Task item:
The lines needed are those from the start of the records through the line holding "n0isemakerrrrr's tweet photo.", each copied exactly.

Entries provided:
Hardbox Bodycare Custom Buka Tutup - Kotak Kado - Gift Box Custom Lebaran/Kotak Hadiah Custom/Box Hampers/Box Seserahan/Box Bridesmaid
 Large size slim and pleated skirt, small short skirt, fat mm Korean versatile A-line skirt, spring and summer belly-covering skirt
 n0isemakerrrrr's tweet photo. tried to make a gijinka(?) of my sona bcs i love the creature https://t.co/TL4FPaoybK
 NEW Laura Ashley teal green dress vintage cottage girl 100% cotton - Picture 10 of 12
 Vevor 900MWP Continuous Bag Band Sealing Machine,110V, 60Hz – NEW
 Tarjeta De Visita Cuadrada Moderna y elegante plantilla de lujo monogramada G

Solution for this exercise:
Hardbox Bodycare Custom Buka Tutup - Kotak Kado - Gift Box Custom Lebaran/Kotak Hadiah Custom/Box Hampers/Box Seserahan/Box Bridesmaid
 Large size slim and pleated skirt, small short skirt, fat mm Korean versatile A-line skirt, spring and summer belly-covering skirt
 n0isemakerrrrr's tweet photo. tried to make a gijinka(?) of my sona bcs i love the creature https://t.co/TL4FPaoybK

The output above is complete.